▸ How to complete this task
Lift out, unaltered, the lines of the material below between the line holding "Five Pregnant Women" and the line holding "Librería estilo colonial", counting both.

• • • • • • •

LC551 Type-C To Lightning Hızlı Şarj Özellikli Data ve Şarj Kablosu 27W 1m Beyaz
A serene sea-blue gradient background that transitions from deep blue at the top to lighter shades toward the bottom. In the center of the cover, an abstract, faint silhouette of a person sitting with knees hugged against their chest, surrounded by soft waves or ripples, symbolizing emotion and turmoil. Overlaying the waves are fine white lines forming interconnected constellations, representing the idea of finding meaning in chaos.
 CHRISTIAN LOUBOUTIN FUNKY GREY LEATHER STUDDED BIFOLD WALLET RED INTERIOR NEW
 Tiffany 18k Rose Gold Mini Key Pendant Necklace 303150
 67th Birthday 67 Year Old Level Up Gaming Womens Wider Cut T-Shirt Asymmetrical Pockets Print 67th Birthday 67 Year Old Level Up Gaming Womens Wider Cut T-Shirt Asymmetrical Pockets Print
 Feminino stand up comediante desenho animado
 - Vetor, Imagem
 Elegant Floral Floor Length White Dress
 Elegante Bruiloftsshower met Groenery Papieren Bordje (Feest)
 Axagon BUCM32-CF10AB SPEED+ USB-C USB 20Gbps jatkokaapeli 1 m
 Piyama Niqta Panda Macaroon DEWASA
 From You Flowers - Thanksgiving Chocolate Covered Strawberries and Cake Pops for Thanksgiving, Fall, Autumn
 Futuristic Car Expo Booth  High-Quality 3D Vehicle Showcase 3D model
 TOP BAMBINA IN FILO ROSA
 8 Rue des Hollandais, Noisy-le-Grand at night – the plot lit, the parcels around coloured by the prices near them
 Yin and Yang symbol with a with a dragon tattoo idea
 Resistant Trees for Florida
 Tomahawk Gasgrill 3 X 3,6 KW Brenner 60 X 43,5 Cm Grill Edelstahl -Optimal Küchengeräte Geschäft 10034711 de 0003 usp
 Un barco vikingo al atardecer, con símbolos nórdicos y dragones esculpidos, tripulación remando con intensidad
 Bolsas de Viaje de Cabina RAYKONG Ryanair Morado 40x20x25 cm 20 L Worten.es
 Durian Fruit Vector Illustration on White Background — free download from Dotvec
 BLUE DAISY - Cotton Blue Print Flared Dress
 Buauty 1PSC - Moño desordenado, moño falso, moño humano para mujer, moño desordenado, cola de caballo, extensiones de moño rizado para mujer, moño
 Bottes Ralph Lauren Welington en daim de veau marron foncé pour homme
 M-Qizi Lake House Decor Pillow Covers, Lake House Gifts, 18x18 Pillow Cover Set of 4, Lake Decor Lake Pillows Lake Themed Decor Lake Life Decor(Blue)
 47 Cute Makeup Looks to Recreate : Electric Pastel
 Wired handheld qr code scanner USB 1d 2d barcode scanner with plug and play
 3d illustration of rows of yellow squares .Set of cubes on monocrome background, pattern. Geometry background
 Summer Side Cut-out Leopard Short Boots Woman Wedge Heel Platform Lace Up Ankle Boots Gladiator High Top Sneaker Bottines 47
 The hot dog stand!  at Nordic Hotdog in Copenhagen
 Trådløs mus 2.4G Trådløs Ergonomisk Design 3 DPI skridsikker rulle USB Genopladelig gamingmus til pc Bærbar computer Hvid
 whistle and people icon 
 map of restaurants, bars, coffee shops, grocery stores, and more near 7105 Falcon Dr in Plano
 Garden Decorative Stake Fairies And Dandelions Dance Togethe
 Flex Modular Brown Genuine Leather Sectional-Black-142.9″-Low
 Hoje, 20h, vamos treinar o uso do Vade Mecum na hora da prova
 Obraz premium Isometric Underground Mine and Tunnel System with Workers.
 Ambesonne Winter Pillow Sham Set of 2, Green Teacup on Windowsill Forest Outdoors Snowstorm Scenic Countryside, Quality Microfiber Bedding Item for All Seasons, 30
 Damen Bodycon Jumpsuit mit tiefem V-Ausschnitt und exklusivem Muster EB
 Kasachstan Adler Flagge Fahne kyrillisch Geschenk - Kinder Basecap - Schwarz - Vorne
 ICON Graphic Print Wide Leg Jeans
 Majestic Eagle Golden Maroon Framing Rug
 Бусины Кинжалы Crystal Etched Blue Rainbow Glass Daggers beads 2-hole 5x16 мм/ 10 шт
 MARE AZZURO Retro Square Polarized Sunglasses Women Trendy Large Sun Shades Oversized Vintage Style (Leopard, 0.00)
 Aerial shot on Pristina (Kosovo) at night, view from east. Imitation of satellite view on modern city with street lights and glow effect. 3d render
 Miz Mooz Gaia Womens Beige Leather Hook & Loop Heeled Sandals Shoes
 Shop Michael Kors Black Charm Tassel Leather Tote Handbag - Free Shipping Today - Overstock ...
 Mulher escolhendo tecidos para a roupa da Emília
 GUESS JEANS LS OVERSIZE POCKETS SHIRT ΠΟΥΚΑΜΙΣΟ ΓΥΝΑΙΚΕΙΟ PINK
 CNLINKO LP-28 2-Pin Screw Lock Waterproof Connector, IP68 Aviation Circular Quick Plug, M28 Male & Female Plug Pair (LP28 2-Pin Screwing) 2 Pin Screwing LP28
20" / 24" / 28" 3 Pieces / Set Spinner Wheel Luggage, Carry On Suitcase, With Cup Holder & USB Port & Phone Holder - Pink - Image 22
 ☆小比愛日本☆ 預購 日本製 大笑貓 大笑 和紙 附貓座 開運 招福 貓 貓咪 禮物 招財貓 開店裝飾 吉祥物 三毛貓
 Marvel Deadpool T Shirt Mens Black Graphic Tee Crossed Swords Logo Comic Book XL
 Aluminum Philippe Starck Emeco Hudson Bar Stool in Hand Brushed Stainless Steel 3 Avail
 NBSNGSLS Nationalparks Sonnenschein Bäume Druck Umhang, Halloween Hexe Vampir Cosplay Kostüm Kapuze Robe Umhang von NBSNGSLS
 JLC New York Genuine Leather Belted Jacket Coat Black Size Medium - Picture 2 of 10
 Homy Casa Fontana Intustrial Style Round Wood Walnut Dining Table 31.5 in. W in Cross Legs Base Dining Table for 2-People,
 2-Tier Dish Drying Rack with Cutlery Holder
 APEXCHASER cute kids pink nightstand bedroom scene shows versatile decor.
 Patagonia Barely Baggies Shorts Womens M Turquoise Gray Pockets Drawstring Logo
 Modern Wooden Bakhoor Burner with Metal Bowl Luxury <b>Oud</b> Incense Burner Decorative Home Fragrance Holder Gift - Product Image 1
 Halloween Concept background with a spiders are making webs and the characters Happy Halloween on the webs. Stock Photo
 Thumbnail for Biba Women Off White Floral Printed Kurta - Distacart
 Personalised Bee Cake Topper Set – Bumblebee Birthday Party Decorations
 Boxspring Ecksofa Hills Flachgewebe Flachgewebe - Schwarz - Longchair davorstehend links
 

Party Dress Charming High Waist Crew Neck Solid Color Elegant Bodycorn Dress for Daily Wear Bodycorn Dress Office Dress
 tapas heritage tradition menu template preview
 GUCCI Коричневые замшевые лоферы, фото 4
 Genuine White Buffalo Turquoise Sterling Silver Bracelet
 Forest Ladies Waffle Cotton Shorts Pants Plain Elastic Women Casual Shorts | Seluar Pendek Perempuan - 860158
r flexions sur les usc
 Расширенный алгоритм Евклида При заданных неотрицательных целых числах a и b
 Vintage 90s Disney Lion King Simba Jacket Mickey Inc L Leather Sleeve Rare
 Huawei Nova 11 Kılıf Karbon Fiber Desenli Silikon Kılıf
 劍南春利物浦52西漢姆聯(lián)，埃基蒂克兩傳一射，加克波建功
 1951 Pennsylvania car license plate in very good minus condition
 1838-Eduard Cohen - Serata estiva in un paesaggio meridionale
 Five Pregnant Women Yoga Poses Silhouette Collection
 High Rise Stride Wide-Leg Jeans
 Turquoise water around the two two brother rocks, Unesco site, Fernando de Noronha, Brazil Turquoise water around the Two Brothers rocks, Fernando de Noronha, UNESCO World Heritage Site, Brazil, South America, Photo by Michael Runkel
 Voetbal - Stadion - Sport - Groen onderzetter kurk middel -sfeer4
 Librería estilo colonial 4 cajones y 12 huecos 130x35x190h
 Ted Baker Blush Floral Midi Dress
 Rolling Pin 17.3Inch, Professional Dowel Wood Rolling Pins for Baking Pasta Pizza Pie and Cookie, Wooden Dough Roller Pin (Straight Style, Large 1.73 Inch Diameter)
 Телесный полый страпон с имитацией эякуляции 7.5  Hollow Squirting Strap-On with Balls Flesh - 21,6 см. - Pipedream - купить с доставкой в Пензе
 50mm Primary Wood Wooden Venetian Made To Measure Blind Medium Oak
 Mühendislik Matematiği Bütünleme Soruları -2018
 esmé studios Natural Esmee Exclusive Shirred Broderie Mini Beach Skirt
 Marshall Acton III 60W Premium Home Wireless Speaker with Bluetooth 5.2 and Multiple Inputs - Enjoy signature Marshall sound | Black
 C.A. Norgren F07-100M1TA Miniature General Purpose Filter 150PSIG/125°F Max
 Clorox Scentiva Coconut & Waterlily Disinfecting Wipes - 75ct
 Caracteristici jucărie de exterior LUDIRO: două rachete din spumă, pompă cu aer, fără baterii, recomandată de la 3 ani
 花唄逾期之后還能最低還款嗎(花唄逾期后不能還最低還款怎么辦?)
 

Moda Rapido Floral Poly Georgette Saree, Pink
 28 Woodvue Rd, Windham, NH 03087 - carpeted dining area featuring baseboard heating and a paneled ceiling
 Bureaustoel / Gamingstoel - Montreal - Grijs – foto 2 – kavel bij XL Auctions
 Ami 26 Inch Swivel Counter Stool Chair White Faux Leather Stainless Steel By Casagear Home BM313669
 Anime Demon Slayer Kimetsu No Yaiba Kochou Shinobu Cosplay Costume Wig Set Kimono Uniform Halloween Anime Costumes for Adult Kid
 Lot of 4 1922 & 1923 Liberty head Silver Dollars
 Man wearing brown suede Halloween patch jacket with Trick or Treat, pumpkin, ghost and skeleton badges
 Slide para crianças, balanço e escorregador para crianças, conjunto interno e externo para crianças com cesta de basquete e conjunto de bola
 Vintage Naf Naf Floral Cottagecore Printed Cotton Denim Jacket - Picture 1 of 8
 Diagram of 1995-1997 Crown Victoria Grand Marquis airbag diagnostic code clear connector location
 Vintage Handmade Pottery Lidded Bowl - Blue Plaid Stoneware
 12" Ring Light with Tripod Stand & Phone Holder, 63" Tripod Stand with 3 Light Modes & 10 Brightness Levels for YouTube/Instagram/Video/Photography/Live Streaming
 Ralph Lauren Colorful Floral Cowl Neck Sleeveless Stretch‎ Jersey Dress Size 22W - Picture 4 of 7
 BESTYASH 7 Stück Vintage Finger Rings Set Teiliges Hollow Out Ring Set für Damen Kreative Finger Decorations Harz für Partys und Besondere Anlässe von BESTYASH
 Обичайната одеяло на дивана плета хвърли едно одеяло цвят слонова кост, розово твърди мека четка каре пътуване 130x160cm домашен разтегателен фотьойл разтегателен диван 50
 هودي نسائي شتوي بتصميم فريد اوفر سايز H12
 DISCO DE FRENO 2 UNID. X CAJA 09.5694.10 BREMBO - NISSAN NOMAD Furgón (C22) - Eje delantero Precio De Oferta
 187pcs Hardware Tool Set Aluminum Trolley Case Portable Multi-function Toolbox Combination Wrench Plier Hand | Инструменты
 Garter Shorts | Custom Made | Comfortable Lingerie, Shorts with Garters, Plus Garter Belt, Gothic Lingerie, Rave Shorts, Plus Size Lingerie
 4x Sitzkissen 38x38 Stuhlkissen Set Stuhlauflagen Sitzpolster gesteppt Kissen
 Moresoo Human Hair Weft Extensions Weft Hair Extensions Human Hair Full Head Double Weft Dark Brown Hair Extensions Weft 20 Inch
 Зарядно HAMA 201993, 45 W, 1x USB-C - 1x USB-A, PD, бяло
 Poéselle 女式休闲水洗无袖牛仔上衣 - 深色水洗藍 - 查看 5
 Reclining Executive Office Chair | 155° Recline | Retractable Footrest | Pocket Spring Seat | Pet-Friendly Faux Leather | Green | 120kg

• • • • • • •

▸ Solution for this problem
 Five Pregnant Women Yoga Poses Silhouette Collection
 High Rise Stride Wide-Leg Jeans
 Turquoise water around the two two brother rocks, Unesco site, Fernando de Noronha, Brazil Turquoise water around the Two Brothers rocks, Fernando de Noronha, UNESCO World Heritage Site, Brazil, South America, Photo by Michael Runkel
 Voetbal - Stadion - Sport - Groen onderzetter kurk middel -sfeer4
 Librería estilo colonial 4 cajones y 12 huecos 130x35x190h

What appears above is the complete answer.